Write out every record in full, keeping each character exactly as it is.

Records provided –

# # #

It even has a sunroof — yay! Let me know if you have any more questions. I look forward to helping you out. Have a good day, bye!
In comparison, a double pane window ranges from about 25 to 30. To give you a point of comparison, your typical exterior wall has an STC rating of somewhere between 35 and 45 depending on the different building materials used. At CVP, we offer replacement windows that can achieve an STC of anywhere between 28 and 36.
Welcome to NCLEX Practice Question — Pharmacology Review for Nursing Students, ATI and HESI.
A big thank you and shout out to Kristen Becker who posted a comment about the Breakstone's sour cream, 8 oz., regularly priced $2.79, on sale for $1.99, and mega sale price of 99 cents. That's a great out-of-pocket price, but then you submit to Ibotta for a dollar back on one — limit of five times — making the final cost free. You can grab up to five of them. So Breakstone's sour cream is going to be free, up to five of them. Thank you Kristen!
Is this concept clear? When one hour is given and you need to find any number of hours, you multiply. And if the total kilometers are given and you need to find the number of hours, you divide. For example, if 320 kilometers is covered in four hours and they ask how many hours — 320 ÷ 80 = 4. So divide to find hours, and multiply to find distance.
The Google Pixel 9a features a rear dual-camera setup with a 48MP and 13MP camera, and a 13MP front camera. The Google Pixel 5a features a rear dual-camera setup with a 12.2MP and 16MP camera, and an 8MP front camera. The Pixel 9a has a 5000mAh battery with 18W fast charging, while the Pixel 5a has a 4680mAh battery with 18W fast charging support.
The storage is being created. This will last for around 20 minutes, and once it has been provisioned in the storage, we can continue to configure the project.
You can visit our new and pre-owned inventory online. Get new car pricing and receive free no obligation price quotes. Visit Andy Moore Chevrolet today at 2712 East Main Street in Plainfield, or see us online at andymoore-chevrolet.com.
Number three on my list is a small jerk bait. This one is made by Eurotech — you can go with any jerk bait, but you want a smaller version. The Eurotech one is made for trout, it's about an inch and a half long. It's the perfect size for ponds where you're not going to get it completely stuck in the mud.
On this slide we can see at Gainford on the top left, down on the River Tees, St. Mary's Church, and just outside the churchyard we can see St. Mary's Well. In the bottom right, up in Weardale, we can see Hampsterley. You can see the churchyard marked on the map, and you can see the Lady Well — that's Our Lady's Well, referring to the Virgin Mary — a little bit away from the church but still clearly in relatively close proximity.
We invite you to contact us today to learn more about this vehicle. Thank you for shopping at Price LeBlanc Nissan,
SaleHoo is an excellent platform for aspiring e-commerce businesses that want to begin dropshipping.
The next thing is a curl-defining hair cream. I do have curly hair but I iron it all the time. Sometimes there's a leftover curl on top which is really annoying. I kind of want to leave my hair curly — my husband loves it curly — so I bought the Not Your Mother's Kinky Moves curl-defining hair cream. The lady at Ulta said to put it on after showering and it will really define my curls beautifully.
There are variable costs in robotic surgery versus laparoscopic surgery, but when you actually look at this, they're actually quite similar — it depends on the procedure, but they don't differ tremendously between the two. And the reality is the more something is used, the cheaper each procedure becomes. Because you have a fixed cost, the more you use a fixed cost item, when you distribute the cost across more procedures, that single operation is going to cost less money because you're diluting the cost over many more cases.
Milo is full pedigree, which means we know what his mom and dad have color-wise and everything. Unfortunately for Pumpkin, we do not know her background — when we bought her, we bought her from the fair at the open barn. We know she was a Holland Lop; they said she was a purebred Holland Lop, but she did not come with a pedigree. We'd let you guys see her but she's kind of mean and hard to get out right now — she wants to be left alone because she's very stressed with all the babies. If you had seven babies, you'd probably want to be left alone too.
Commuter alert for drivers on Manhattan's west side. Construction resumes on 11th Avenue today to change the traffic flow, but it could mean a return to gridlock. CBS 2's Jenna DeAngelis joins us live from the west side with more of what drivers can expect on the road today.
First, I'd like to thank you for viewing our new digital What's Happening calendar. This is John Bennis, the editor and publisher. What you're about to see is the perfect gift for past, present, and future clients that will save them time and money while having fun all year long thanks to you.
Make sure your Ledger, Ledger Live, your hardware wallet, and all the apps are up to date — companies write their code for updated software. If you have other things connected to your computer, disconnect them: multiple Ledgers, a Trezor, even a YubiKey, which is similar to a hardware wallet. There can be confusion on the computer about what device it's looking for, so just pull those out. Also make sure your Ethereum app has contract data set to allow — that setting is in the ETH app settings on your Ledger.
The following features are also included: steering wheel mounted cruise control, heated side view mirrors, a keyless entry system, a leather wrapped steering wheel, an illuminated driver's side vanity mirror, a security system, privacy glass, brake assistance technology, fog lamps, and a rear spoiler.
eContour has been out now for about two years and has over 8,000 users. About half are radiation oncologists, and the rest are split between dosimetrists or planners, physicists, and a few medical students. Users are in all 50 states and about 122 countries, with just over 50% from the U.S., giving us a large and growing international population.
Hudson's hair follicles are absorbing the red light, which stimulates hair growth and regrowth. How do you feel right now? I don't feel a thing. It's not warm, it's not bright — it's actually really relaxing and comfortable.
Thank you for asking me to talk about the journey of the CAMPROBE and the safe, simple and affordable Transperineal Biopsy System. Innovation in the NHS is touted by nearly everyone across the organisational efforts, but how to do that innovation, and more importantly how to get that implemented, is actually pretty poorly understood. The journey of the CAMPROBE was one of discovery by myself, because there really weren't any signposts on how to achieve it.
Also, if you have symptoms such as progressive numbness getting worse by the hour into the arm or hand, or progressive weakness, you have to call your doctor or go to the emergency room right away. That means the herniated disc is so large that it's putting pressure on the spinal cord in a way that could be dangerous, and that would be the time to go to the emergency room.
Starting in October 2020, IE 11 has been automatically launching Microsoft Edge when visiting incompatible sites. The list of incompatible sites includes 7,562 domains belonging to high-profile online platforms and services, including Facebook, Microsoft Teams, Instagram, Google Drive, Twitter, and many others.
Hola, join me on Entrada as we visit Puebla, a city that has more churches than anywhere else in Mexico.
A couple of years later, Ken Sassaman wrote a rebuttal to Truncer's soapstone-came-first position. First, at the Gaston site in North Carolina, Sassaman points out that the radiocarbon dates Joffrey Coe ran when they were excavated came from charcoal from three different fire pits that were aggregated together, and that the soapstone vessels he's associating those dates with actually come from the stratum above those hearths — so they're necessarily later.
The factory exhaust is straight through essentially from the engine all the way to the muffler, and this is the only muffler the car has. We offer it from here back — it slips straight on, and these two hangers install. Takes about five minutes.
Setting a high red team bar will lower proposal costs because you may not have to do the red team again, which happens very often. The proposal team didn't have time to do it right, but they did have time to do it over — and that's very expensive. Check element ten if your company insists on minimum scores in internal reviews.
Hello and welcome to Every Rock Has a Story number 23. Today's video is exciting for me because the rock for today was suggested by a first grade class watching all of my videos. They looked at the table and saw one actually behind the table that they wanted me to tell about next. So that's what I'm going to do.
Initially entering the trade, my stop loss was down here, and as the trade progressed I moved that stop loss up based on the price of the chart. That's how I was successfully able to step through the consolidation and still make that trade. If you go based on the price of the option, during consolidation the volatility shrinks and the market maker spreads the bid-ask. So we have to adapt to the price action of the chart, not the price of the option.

# # #

Output of the task –
It even has a sunroof — yay! Let me know if you have any more questions. I look forward to helping you out. Have a good day, bye!
In comparison, a double pane window ranges from about 25 to 30. To give you a point of comparison, your typical exterior wall has an STC rating of somewhere between 35 and 45 depending on the different building materials used. At CVP, we offer replacement windows that can achieve an STC of anywhere between 28 and 36.
Welcome to NCLEX Practice Question — Pharmacology Review for Nursing Students, ATI and HESI.
A big thank you and shout out to Kristen Becker who posted a comment about the Breakstone's sour cream, 8 oz., regularly priced $2.79, on sale for $1.99, and mega sale price of 99 cents. That's a great out-of-pocket price, but then you submit to Ibotta for a dollar back on one — limit of five times — making the final cost free. You can grab up to five of them. So Breakstone's sour cream is going to be free, up to five of them. Thank you Kristen!
Is this concept clear? When one hour is given and you need to find any number of hours, you multiply. And if the total kilometers are given and you need to find the number of hours, you divide. For example, if 320 kilometers is covered in four hours and they ask how many hours — 320 ÷ 80 = 4. So divide to find hours, and multiply to find distance.
The Google Pixel 9a features a rear dual-camera setup with a 48MP and 13MP camera, and a 13MP front camera. The Google Pixel 5a features a rear dual-camera setup with a 12.2MP and 16MP camera, and an 8MP front camera. The Pixel 9a has a 5000mAh battery with 18W fast charging, while the Pixel 5a has a 4680mAh battery with 18W fast charging support.
The storage is being created. This will last for around 20 minutes, and once it has been provisioned in the storage, we can continue to configure the project.
You can visit our new and pre-owned inventory online. Get new car pricing and receive free no obligation price quotes. Visit Andy Moore Chevrolet today at 2712 East Main Street in Plainfield, or see us online at andymoore-chevrolet.com.
Number three on my list is a small jerk bait. This one is made by Eurotech — you can go with any jerk bait, but you want a smaller version. The Eurotech one is made for trout, it's about an inch and a half long. It's the perfect size for ponds where you're not going to get it completely stuck in the mud.
On this slide we can see at Gainford on the top left, down on the River Tees, St. Mary's Church, and just outside the churchyard we can see St. Mary's Well. In the bottom right, up in Weardale, we can see Hampsterley. You can see the churchyard marked on the map, and you can see the Lady Well — that's Our Lady's Well, referring to the Virgin Mary — a little bit away from the church but still clearly in relatively close proximity.
We invite you to contact us today to learn more about this vehicle. Thank you for shopping at Price LeBlanc Nissan,
SaleHoo is an excellent platform for aspiring e-commerce businesses that want to begin dropshipping.
The next thing is a curl-defining hair cream. I do have curly hair but I iron it all the time. Sometimes there's a leftover curl on top which is really annoying. I kind of want to leave my hair curly — my husband loves it curly — so I bought the Not Your Mother's Kinky Moves curl-defining hair cream. The lady at Ulta said to put it on after showering and it will really define my curls beautifully.
There are variable costs in robotic surgery versus laparoscopic surgery, but when you actually look at this, they're actually quite similar — it depends on the procedure, but they don't differ tremendously between the two. And the reality is the more something is used, the cheaper each procedure becomes. Because you have a fixed cost, the more you use a fixed cost item, when you distribute the cost across more procedures, that single operation is going to cost less money because you're diluting the cost over many more cases.
Milo is full pedigree, which means we know what his mom and dad have color-wise and everything. Unfortunately for Pumpkin, we do not know her background — when we bought her, we bought her from the fair at the open barn. We know she was a Holland Lop; they said she was a purebred Holland Lop, but she did not come with a pedigree. We'd let you guys see her but she's kind of mean and hard to get out right now — she wants to be left alone because she's very stressed with all the babies. If you had seven babies, you'd probably want to be left alone too.
Commuter alert for drivers on Manhattan's west side. Construction resumes on 11th Avenue today to change the traffic flow, but it could mean a return to gridlock. CBS 2's Jenna DeAngelis joins us live from the west side with more of what drivers can expect on the road today.
First, I'd like to thank you for viewing our new digital What's Happening calendar. This is John Bennis, the editor and publisher. What you're about to see is the perfect gift for past, present, and future clients that will save them time and money while having fun all year long thanks to you.
Make sure your Ledger, Ledger Live, your hardware wallet, and all the apps are up to date — companies write their code for updated software. If you have other things connected to your computer, disconnect them: multiple Ledgers, a Trezor, even a YubiKey, which is similar to a hardware wallet. There can be confusion on the computer about what device it's looking for, so just pull those out. Also make sure your Ethereum app has contract data set to allow — that setting is in the ETH app settings on your Ledger.
The following features are also included: steering wheel mounted cruise control, heated side view mirrors, a keyless entry system, a leather wrapped steering wheel, an illuminated driver's side vanity mirror, a security system, privacy glass, brake assistance technology, fog lamps, and a rear spoiler.
eContour has been out now for about two years and has over 8,000 users. About half are radiation oncologists, and the rest are split between dosimetrists or planners, physicists, and a few medical students. Users are in all 50 states and about 122 countries, with just over 50% from the U.S., giving us a large and growing international population.
Hudson's hair follicles are absorbing the red light, which stimulates hair growth and regrowth. How do you feel right now? I don't feel a thing. It's not warm, it's not bright — it's actually really relaxing and comfortable.
Thank you for asking me to talk about the journey of the CAMPROBE and the safe, simple and affordable Transperineal Biopsy System. Innovation in the NHS is touted by nearly everyone across the organisational efforts, but how to do that innovation, and more importantly how to get that implemented, is actually pretty poorly understood. The journey of the CAMPROBE was one of discovery by myself, because there really weren't any signposts on how to achieve it.
Also, if you have symptoms such as progressive numbness getting worse by the hour into the arm or hand, or progressive weakness, you have to call your doctor or go to the emergency room right away. That means the herniated disc is so large that it's putting pressure on the spinal cord in a way that could be dangerous, and that would be the time to go to the emergency room.
Starting in October 2020, IE 11 has been automatically launching Microsoft Edge when visiting incompatible sites. The list of incompatible sites includes 7,562 domains belonging to high-profile online platforms and services, including Facebook, Microsoft Teams, Instagram, Google Drive, Twitter, and many others.
Hola, join me on Entrada as we visit Puebla, a city that has more churches than anywhere else in Mexico.
A couple of years later, Ken Sassaman wrote a rebuttal to Truncer's soapstone-came-first position. First, at the Gaston site in North Carolina, Sassaman points out that the radiocarbon dates Joffrey Coe ran when they were excavated came from charcoal from three different fire pits that were aggregated together, and that the soapstone vessels he's associating those dates with actually come from the stratum above those hearths — so they're necessarily later.
The factory exhaust is straight through essentially from the engine all the way to the muffler, and this is the only muffler the car has. We offer it from here back — it slips straight on, and these two hangers install. Takes about five minutes.
Setting a high red team bar will lower proposal costs because you may not have to do the red team again, which happens very often. The proposal team didn't have time to do it right, but they did have time to do it over — and that's very expensive. Check element ten if your company insists on minimum scores in internal reviews.
Hello and welcome to Every Rock Has a Story number 23. Today's video is exciting for me because the rock for today was suggested by a first grade class watching all of my videos. They looked at the table and saw one actually behind the table that they wanted me to tell about next. So that's what I'm going to do.
Initially entering the trade, my stop loss was down here, and as the trade progressed I moved that stop loss up based on the price of the chart. That's how I was successfully able to step through the consolidation and still make that trade. If you go based on the price of the option, during consolidation the volatility shrinks and the market maker spreads the bid-ask. So we have to adapt to the price action of the chart, not the price of the option.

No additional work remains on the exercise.